------ Information shown

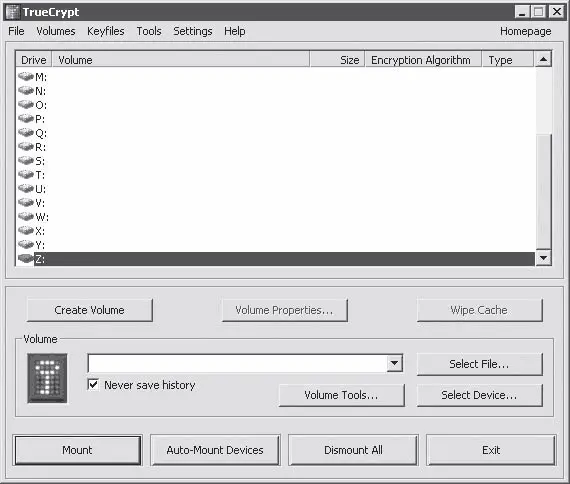 Рис 1212Главное окно программы TrueCrypt Чтобы создать новый диск нажмите - фото 75
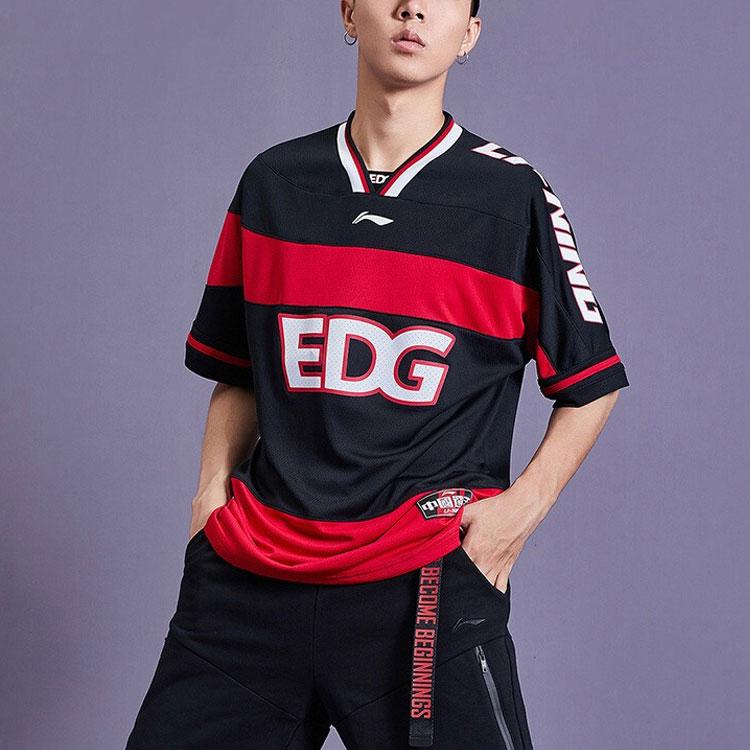 Футболка с коротким рукавом Li Ning Sports Fashion Series EDG Team Letter Print Color Block, мужские топы, черные AHSP925-1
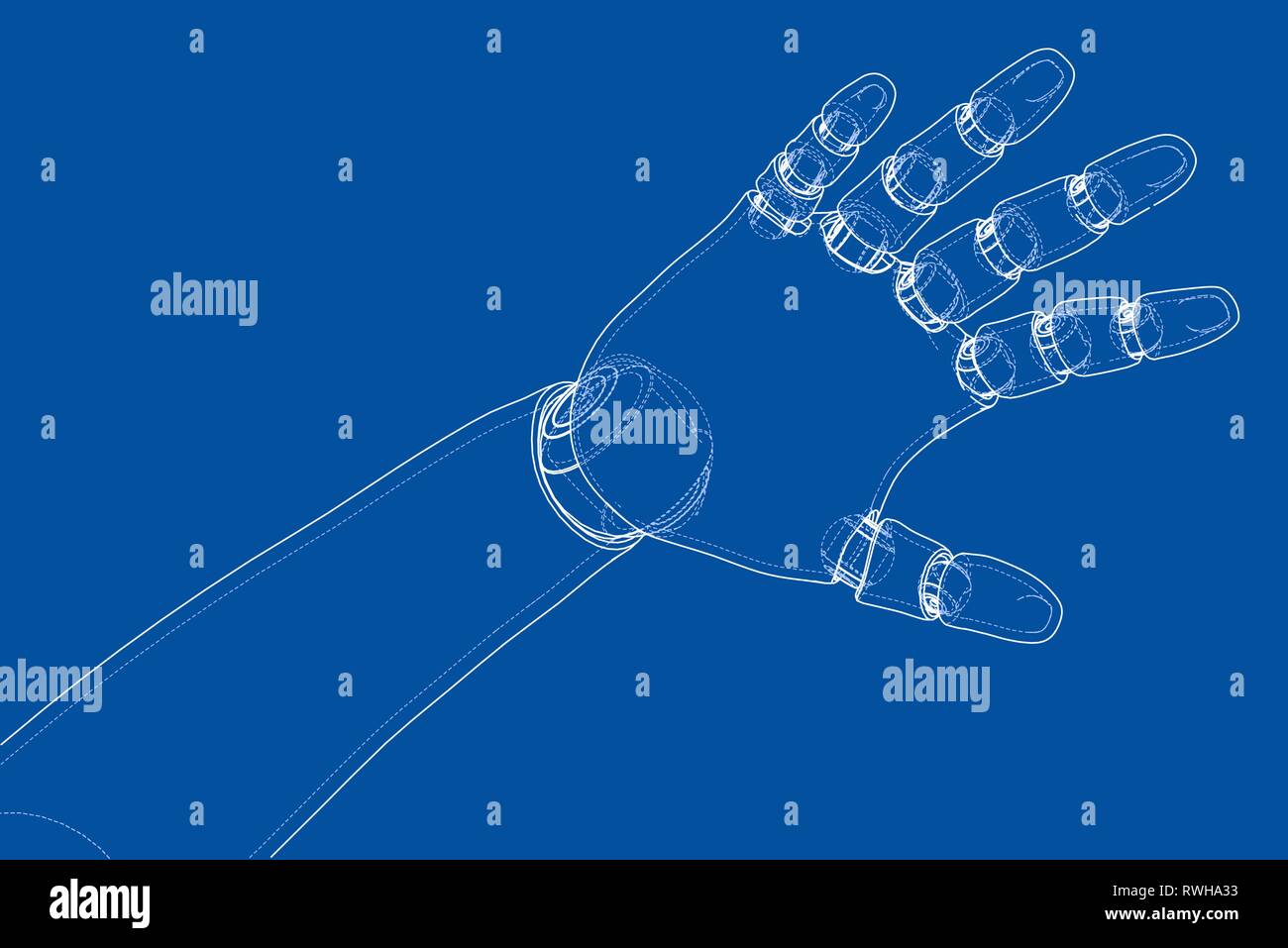 Robot hand outline. Vector rendering of 3d Stock Vector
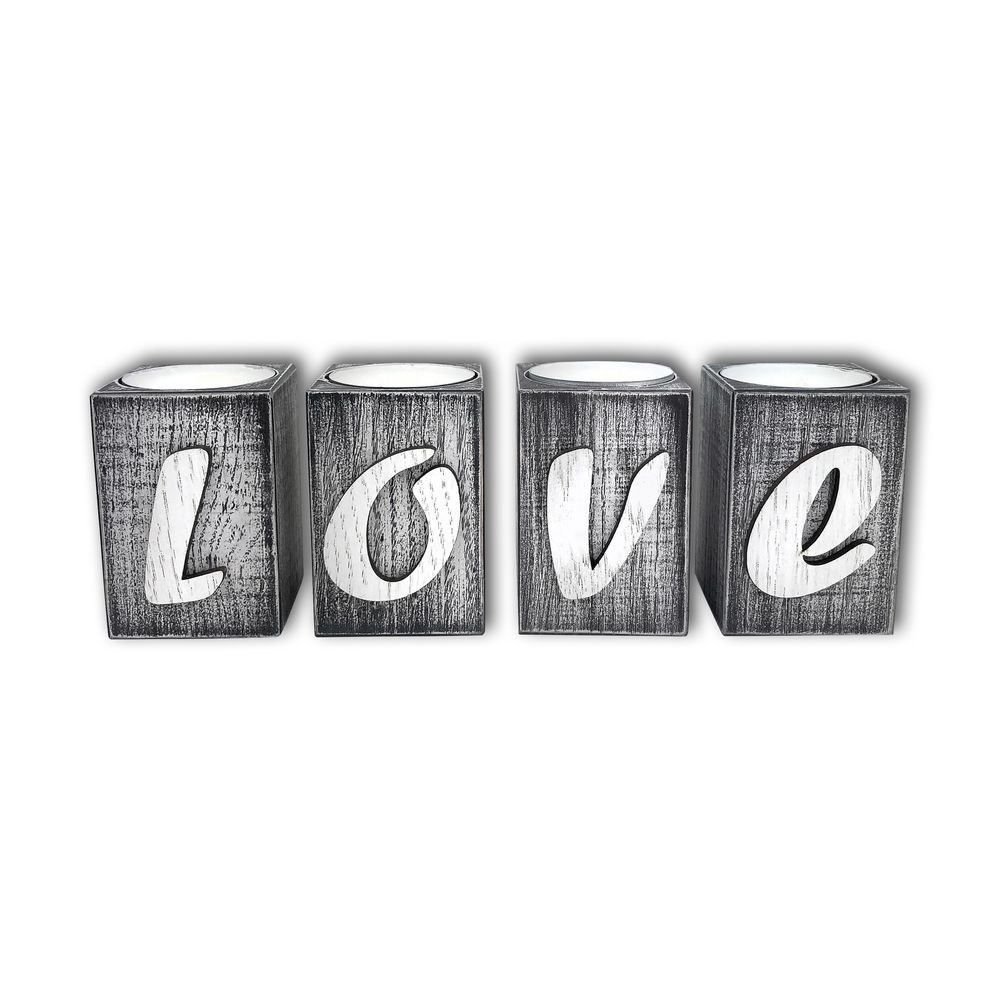 Набор подсвечников деревянных "Love" серый винтаж 6х4х4 см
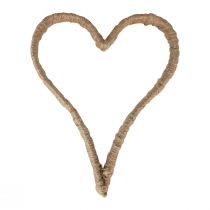 Boho stil, hjärtmetallring dekorativ ring juteband 20cm 4st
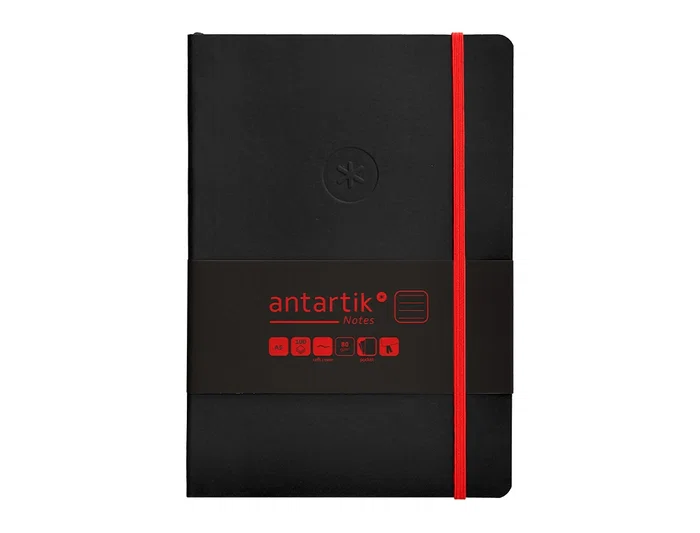 Antartik Antartik Notes Cuaderno A5 Tapa Blanda Hojas Rayas Negro y Rojo 80 Hojas 80gr FSC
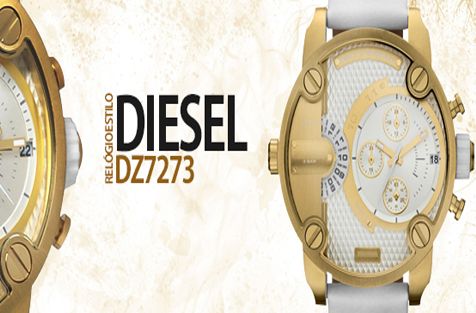 Relógio estilo Diesel DZ7273 branco e dourado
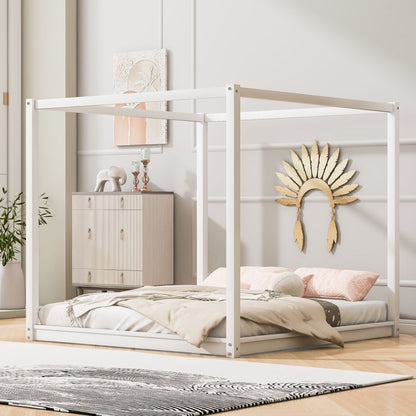 Wood Canopy Platform Bed With Support Legs And Airflow Slats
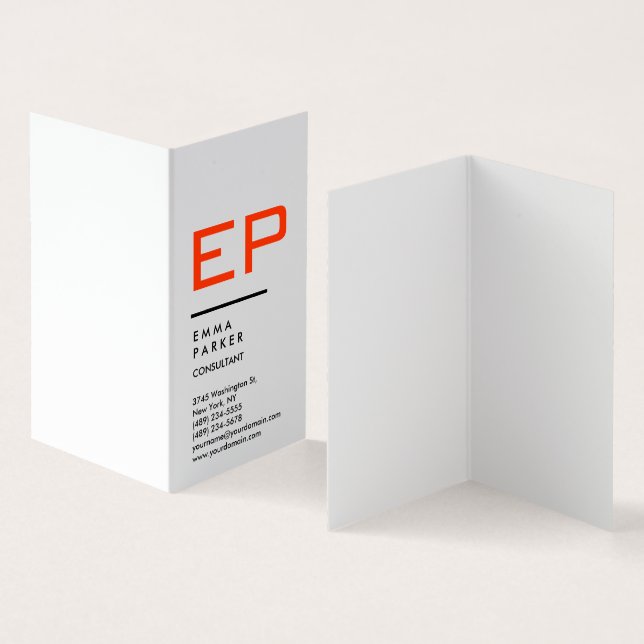 Vertical Black White Trendy Red Monogram Business Card (Inside and Outside)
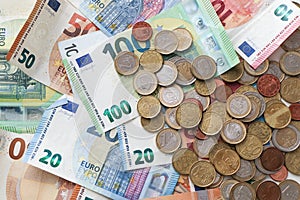 European currency money euro banknotes, credits, leasing.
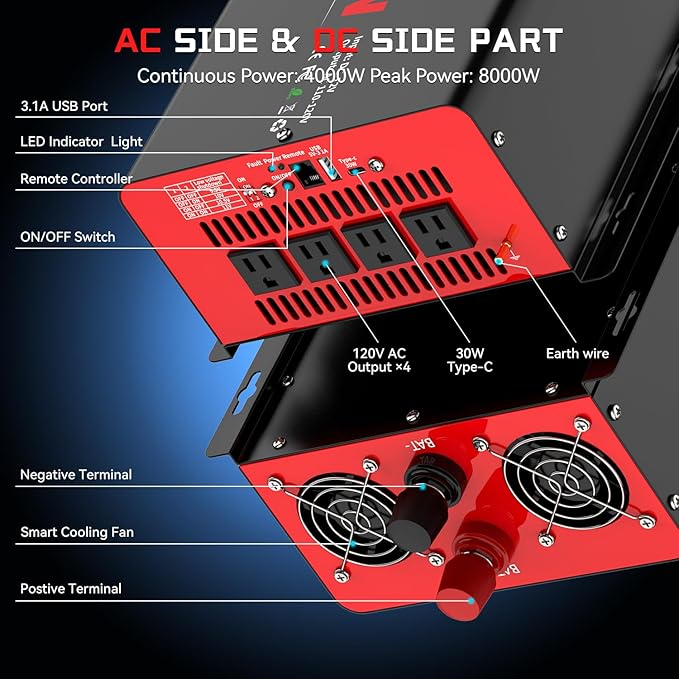4000 Watt Power Inverter 12V DC to 110V AC Car Inverter with 4 AC Outlets, 30W Type-C Port, 3.1A USB Port, Remote Controller on LCD Screen, Peak 8000W Car Converter for Truck,Vehicles,Trip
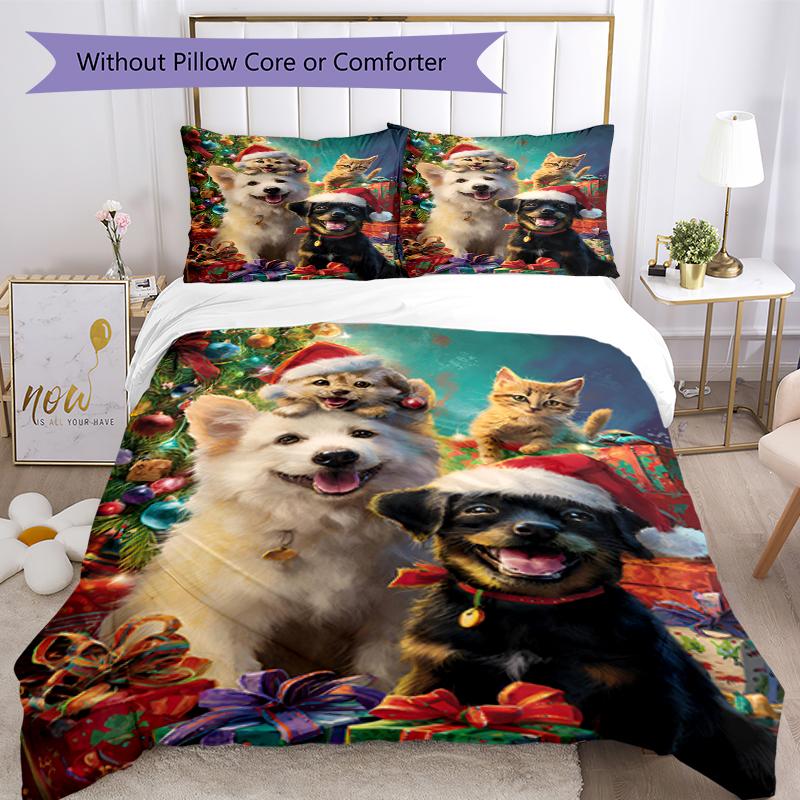 3pcs Christmas Dog Bedding Set Duvet Cover Closure Includes 1 Duvet Cover & 2 Pillowcases, Soft and Comfortable for All Seasons.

------------

Your task:
Quote the data exactly, leaving every image out of the copy.

Response area:
 Рис 1212Главное окно программы TrueCrypt Чтобы создать новый диск нажмите - фото 75
 Футболка с коротким рукавом Li Ning Sports Fashion Series EDG Team Letter Print Color Block, мужские топы, черные AHSP925-1
 Robot hand outline. Vector rendering of 3d Stock Vector
 Набор подсвечников деревянных "Love" серый винтаж 6х4х4 см
 Boho stil, hjärtmetallring dekorativ ring juteband 20cm 4st
 Antartik Antartik Notes Cuaderno A5 Tapa Blanda Hojas Rayas Negro y Rojo 80 Hojas 80gr FSC
 Relógio estilo Diesel DZ7273 branco e dourado
 Wood Canopy Platform Bed With Support Legs And Airflow Slats
 Vertical Black White Trendy Red Monogram Business Card (Inside and Outside)
 European currency money euro banknotes, credits, leasing.
4000 Watt Power Inverter 12V DC to 110V AC Car Inverter with 4 AC Outlets, 30W Type-C Port, 3.1A USB Port, Remote Controller on LCD Screen, Peak 8000W Car Converter for Truck,Vehicles,Trip
 3pcs Christmas Dog Bedding Set Duvet Cover Closure Includes 1 Duvet Cover & 2 Pillowcases, Soft and Comfortable for All Seasons.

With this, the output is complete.